Problem to solve → Please return only the lines from the one holding "Thon Hotel Vika Atrium - Resim 11" through the one holding "光伏扩张之路：意想不到的太阳能利用新方法", exactly as they appear in the records below, both ends included.

***** Information given *****

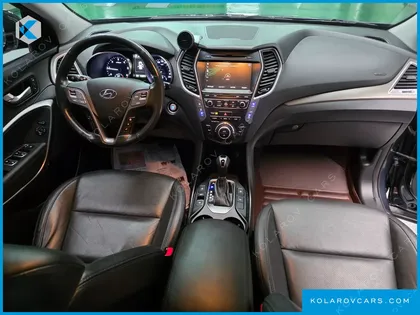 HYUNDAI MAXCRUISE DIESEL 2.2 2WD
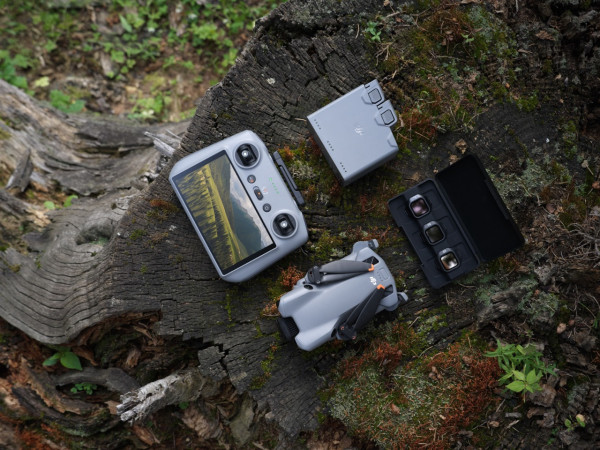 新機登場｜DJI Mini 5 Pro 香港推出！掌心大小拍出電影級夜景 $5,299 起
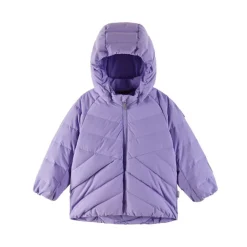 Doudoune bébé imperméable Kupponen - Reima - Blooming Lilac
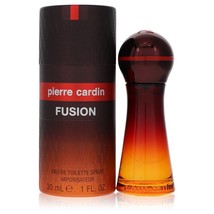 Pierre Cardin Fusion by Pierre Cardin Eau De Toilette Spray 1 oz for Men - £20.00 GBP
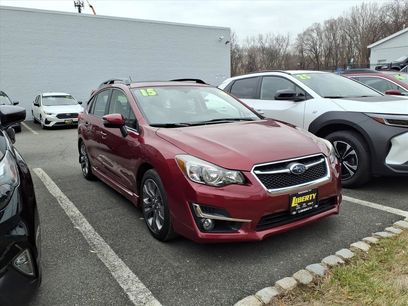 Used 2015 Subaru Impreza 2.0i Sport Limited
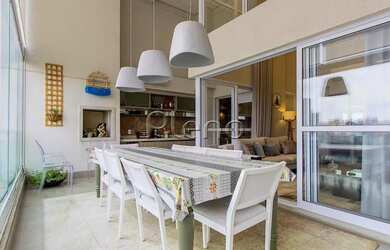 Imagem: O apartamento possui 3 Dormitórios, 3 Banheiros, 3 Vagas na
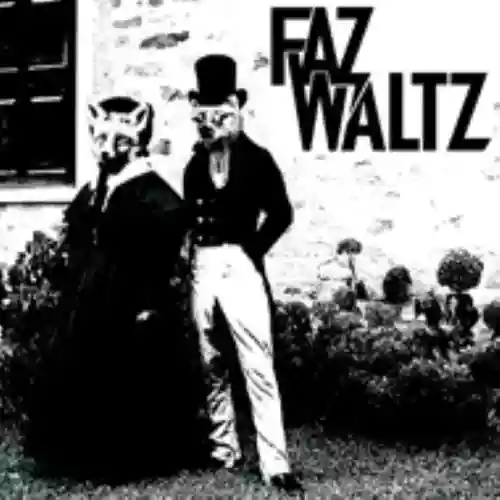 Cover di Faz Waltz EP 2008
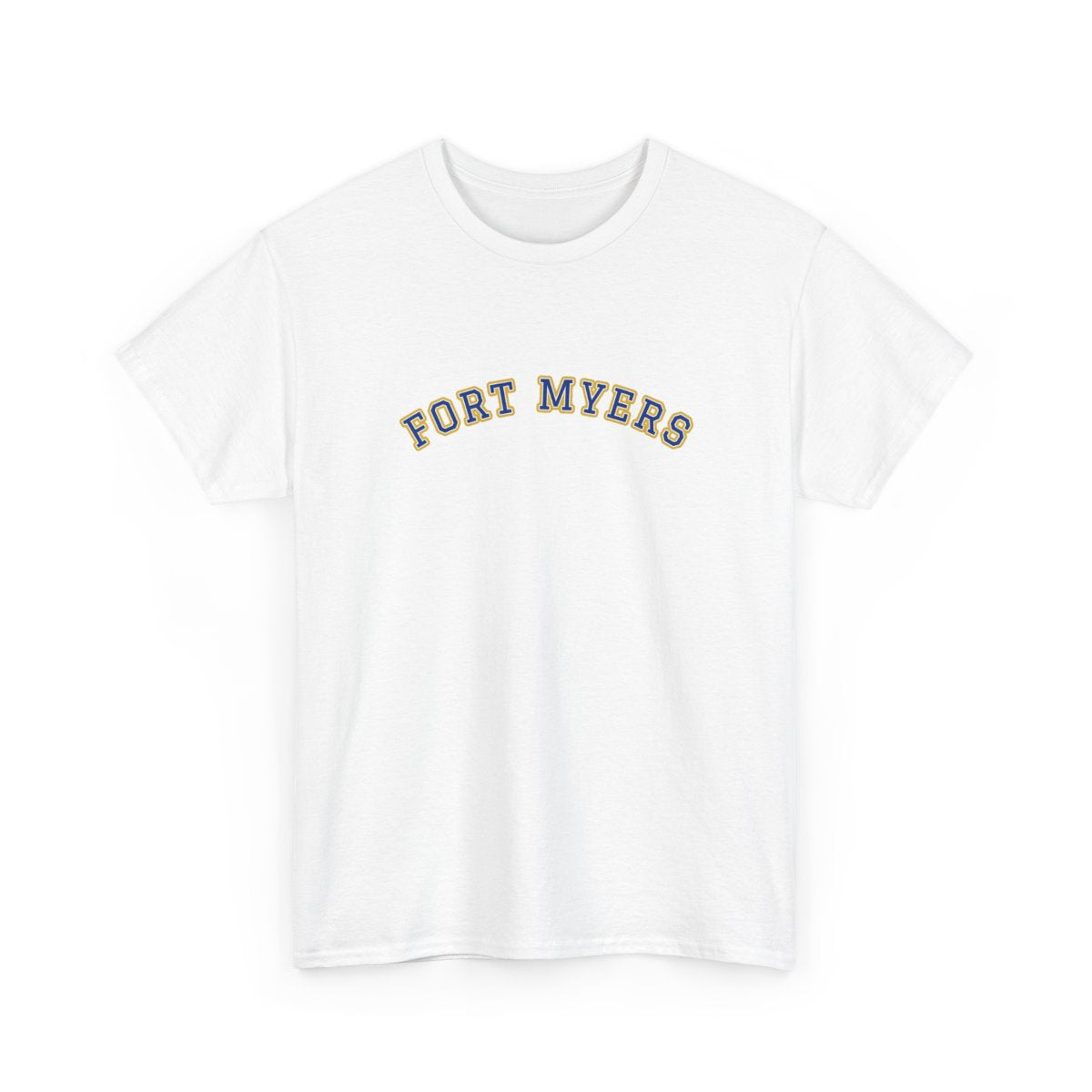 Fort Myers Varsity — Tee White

*****
***** Information given *****

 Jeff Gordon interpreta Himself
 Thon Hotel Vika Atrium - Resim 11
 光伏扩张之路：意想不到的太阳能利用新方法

*****
***** Information given *****

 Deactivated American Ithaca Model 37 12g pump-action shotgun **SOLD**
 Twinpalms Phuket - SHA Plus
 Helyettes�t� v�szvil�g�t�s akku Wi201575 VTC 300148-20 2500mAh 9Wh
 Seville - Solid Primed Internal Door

*****

Answer box →
 Thon Hotel Vika Atrium - Resim 11
 光伏扩张之路：意想不到的太阳能利用新方法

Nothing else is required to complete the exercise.